VMware Cloud Community
oey
Contributor
Contributor

VMDK and VMX missing after RAID-controller failure

ESXi 6.0.0 host stopped with purple screen of death and the message:

"LINT1/NMI (motherboard nonmaskable interrupt), undiagnosed. This may be a hardware problem; please contact your hardware vendor."

Dell support replaced the motherboard and PERC card.

When booting ESXi, two VMs are inaccessible. Browsing datastore shows that VMDK is only 0,5 KB, VMX.LCK is 0,00 KB. FLAT-VMDK is missing...

vmfs-fuse is showing the same files as datastore browser.

Tried "DiskInternals VMFS Recovery", and after hours of scanning disk for lost files it shows flat-vmdk as "deleted file" and correct file size. Also it found vmx file with 4.4KB - seems correct.

 

Does anyone have experience with this software? I do not have a license, and the software cant recover files without a license.

Are there any other options? Is it possible to recover these files without costly software?

Reply
0 Kudos
6 Replies
vmrale
Expert
Expert

Hi,

you should give me more information about RAID array configuration for example RAID level 0, 1, 5 etc. Is VMFS datastore configured on the same disk where ESXi was installed? Are there any other datastores configured? Is host added to vCenter Server inventory?

It seems like VMX, VMDK (descriptor) files exist and are accessible, because VMs are present in host inventory, but for some reason VMDK (flat-file) is missing. Probably some VM folder is located on one datastore and some files (flat VMDK) was on another one. If VM is market as "Inaccessible" it's a problem with storage. This host is unable to access a datastore with the flat file.

 

Regards
Radek

If you think your question have been answered correctly, please consider marking it as a solution or rewarding me with kudos.
Reply
0 Kudos
oey
Contributor
Contributor

Thank you for your reply!

ESXi is installed on dual SD-cards, separate from the RAID controller.

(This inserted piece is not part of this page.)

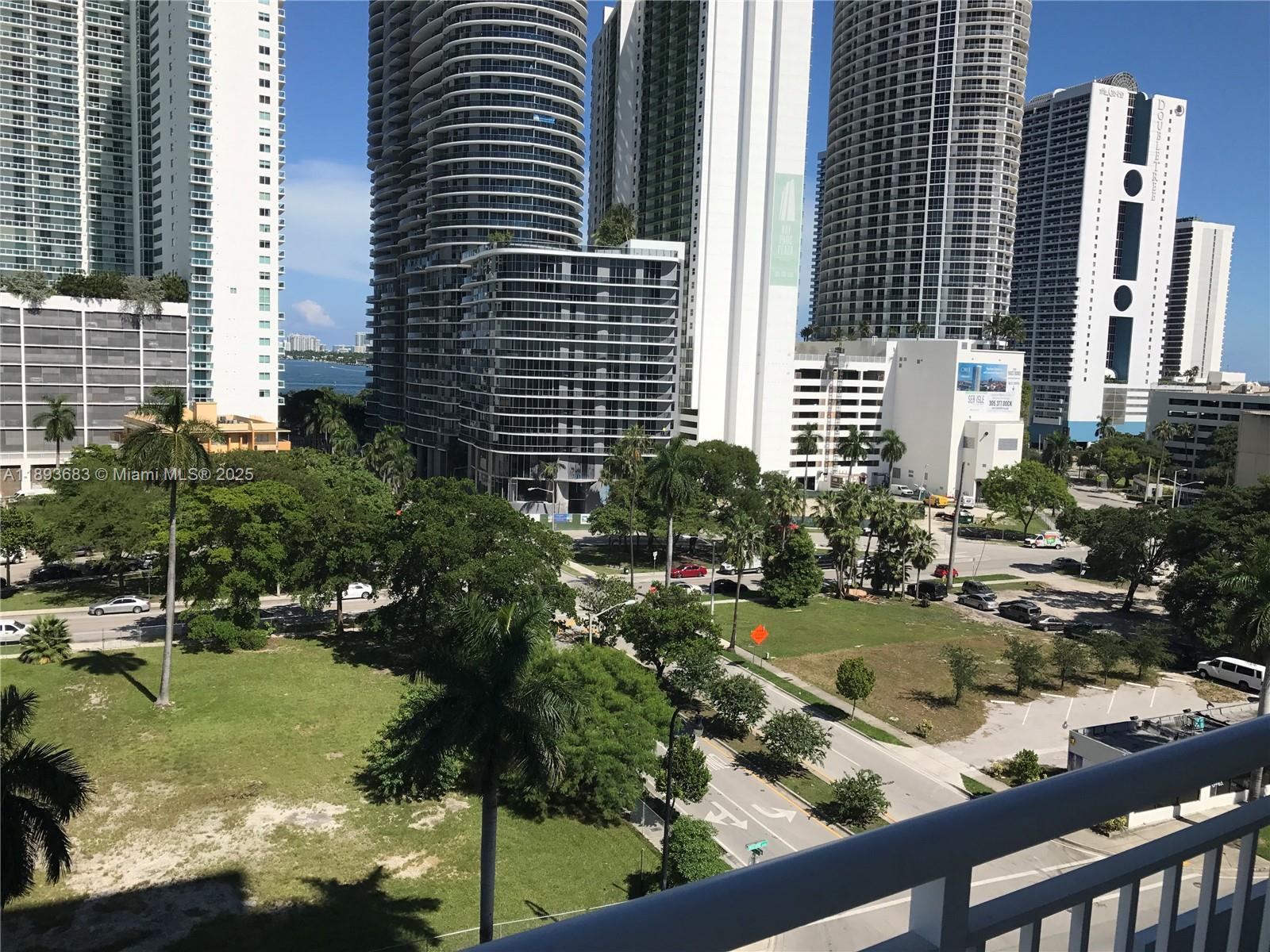 1800 BISCAYNE PLAZA CONDO - Residential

I have two datastores, both are local. Host is not added to vCenter.

Datastore 1: "System", 558.38GB, VMFS5, Two physical disks, RAID1

Datastore 2: "Data1", 3.64TB, VMFS5, Two physical disks, RAID1

 

I see files missing from both datastores.

Reply
0 Kudos
vmrale
Expert
Expert

Why did you name the datastores System and Data? Is it because you planed to store VM VMDKs for OSs on System datastore and application data on the other one? I suspect that some VM files were spread between these two datastores and after RAID controller was changed maybe one of these RAID disk groups was initiated and the old datastore was wiped out.

These are just my suspicions what went wrong.

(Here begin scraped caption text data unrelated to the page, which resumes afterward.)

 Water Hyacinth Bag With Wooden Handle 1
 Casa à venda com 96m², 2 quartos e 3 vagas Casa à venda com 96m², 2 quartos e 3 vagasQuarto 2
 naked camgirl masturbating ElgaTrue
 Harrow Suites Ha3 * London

Did you check if some VMs are running but when you login in to Guest OS there are no data disk attached?

Regards
Radek

If you think your question have been answered correctly, please consider marking it as a solution or rewarding me with kudos.
Reply
0 Kudos
oey
Contributor
Contributor

For the naming of datastores you are correct. System files separated from file shares and dbs.

One of the VMs that are affected was utilizing both datastores, and the vmdk file is missing in both datastores.

To clarify: Files were missing after the PSOD. No change in files when RAID controller was changed.

Reply
0 Kudos
vmrale
Expert
Expert

Take a look at these articles first.

https://kb.vmware.com/s/article/2036767

https://docs.vmware.com/en/VMware-vSphere/6.0/com.vmware.vsphere.storage.doc/GUID-6F991DB5-9AF0-4F9F...

https://docs.vmware.com/en/VMware-vSphere/6.0/com.vmware.vsphere.storage.doc/GUID-4460A049-11BF-4924...

If they don't return any results other zero, that will be great. Try to look for missing files on existing datastores. You could use them to fix some errors too, but you should backup your data first.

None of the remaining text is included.